The formula would be from https://www.cawcr.gov.au/projects/verification/
anyone ideas how to do this with few lines of code?
Is it applicable across all scores though? I am only familiar with brier skill score (first time heard of RMSE skill score)
I think so. In climpred we have a metrics class with attributes min max perfect. Maybe this would be nice to move to xskillscore
I think this sort of thing should be at climpred
. a
and b
in xskillscore
are two time series for instance. Let's say a
is the forecast and b
the verification product. To get BSS, you'd evaluate a
against b
, and then a persistence derivation of b
against b
for instance. Since we manage reference forecasts at climpred
I'd think over there we would just call xskillscore
BS twice.
I guess with the addition of the sign test, this could still fit here. If you hand xskillscore
two different forecasts (one being the dynamical and the other the reference) you can compute skill scores. climpred
would then wrap that to do nice looping through all the leads.
this is could be a template: https://github.com/bradyrx/climpred/blob/8a3fc954df2043f998987a1964059a9dc0d2e11c/climpred/metrics.py#L128-L140 were we would need the perfect
attribute.
But many we should overdo things. xs
is perfect for doing easy functions xs.metric(a,b,dim)
. skill scores can actually really easy be calculated from this manually. I dont see a large computational benefit of implementing this compared to having this sequentially manual_scoring_function(xs.metric(a,b,dim), reference(*args,**kwargs))
.
We at least shouldnt change the existing API when implementing this.

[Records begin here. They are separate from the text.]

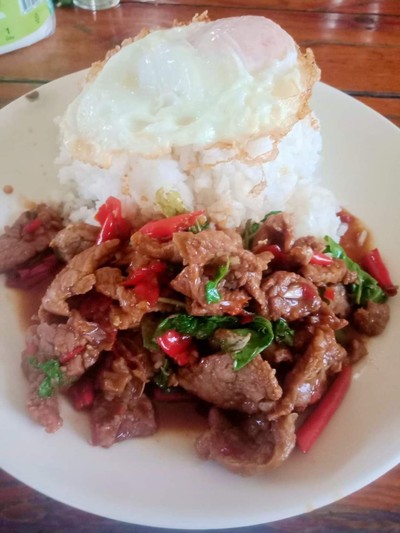 อาหาร หรือ เครื่องดื่ม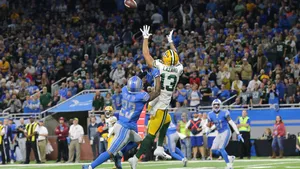 Allen Lazard Catching Football Wallpaper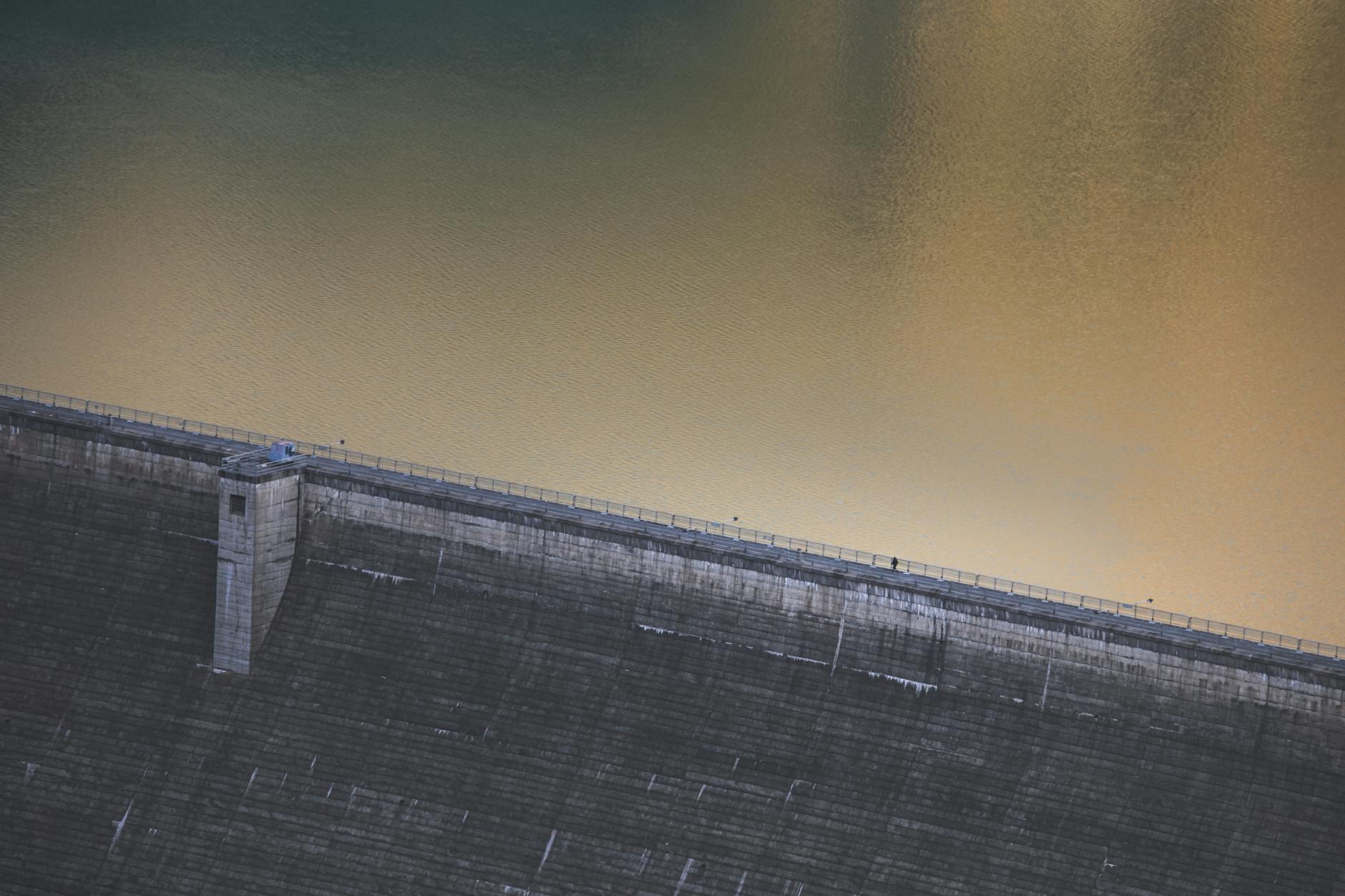 Hidroenergia și ecosistemul acvatic: o perspectivă integrată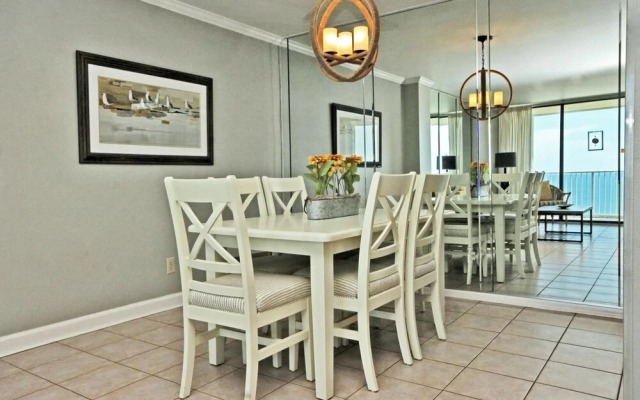 Whaler by Youngs Suncoast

See https://github.com/xarray-contrib/xskillscore/issues/284. Leaving open as good discussion here.
By the way, it seems that the line:
baseline = xs.brier_score(obs_final > obs_final.quantile(2/3, dim = 'time'), 2/3)
doesn't work any more, I get this error on my Colab:
AttributeError Traceback (most recent call last)

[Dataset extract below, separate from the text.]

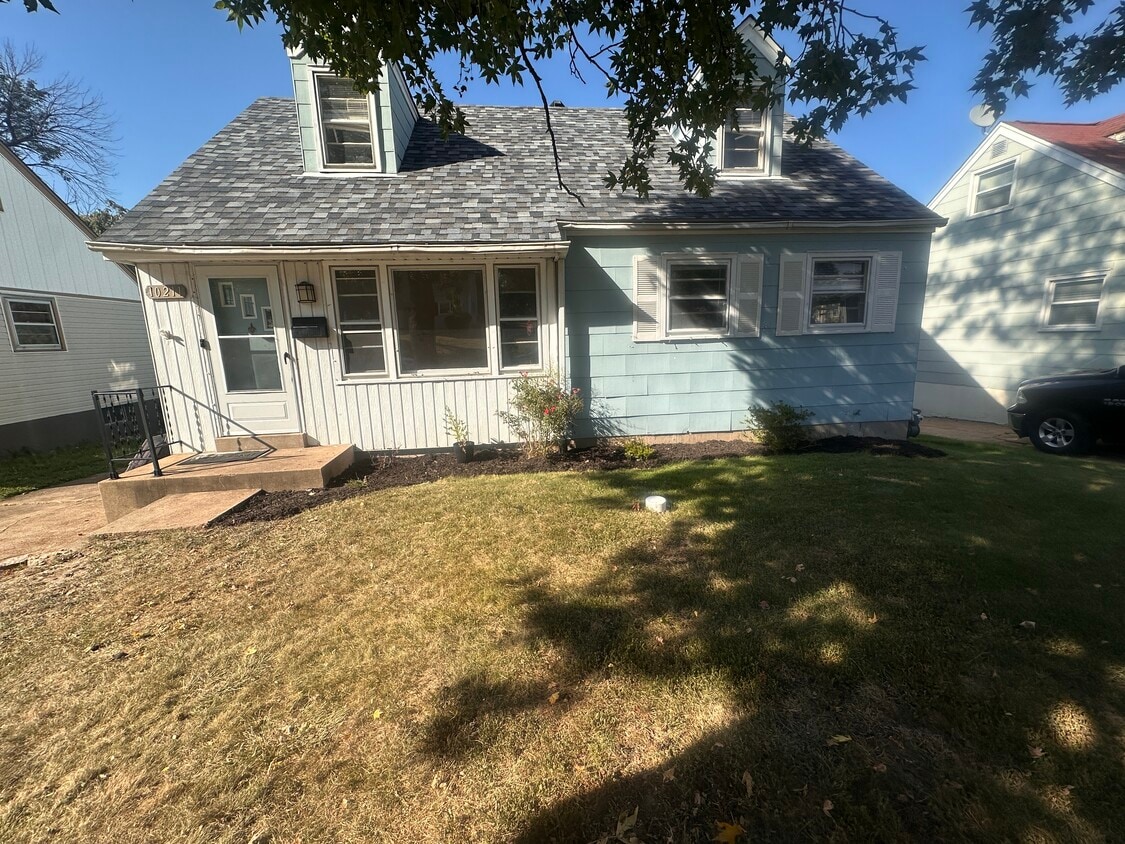Primary Photo - 10211 Baltimore Ave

<ipython-input-68-ad9dcdfd6ce1> in <module>()
----> 1 baseline = xs.brier_score(obs_final > obs_final.quantile(2/3, dim = 'time'), 2/3)

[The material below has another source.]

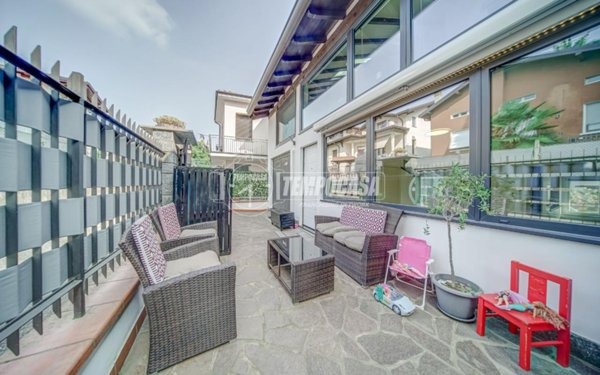 casa indipendente in vendita a Cardano al Campo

/usr/local/lib/python3.8/site-packages/xskillscore/core/probabilistic.py in brier_score(observations, forecasts, member_dim, fair, dim, weights, keep_attrs)
348 res = (e / M - o) ** 2 - e * (M - e) / (M ** 2 * (M - 1))
349 else:
--> 350 if member_dim in forecasts.dims:
351 forecasts = forecasts.mean(member_dim)
352 res = xr.apply_ufunc(
AttributeError: 'float' object has no attribute 'dims'
EDIT: yes, now it requires an xarray object and it doesn't work any more with numbers.
Thanks for reporting @matteodefelice Can you please open an issue with this? Conversion from number to xr.dataarray can be easily added then
Has anyone an example on how to calculate the skill score for the RPS or CRPS? I still haven't found the way to do that...
We have crpss in climpred.
For crpss look into the proper scoring example
@matteodefelice I believe rpss is (kind of) in climpred as well https://github.com/pangeo-data/climpred/blob/main/climpred/tests/test_probabilistic.py#L252. crpss is here: https://github.com/pangeo-data/climpred/blob/main/climpred/metrics.py#L2176 Porting here would be appreciated.
I do RPSS from RPS here: https://renkulab.io/gitlab/aaron.spring/s2s-ai-competition-bootstrap/-/blob/master/notebooks/verification_RPSS.ipynb
Thanks @aaronspring but the real difficulty for me is calculating the RPS of the climatology, but I will find a way. Thanks to everyone for sharing.
generalized for perfect-models and hindcasts.
https://github.com/pangeo-data/climpred/blob/14f7458c1f2e944990d7008001adab49480fe07d/climpred/reference.py#L106
I create a fake 1-member forecast from groupby(dayofyear).
that's a good idea. I did it, and the results seem reasonable. Given that I am working with seasonal averages (one point per year), this is what I have done:
cat_edges = obs.quantile(q = [1/3, 2/3], dim = 'year').rename({'quantile':'category_edge'})
rps_clim = xskillscore.rps(obs, obs.mean(dim = 'year').expand_dims({'member':1}), cat_edges, dim = 'year', member_dim='member')
The RPSS is comparable with the BSS, so I think this should work.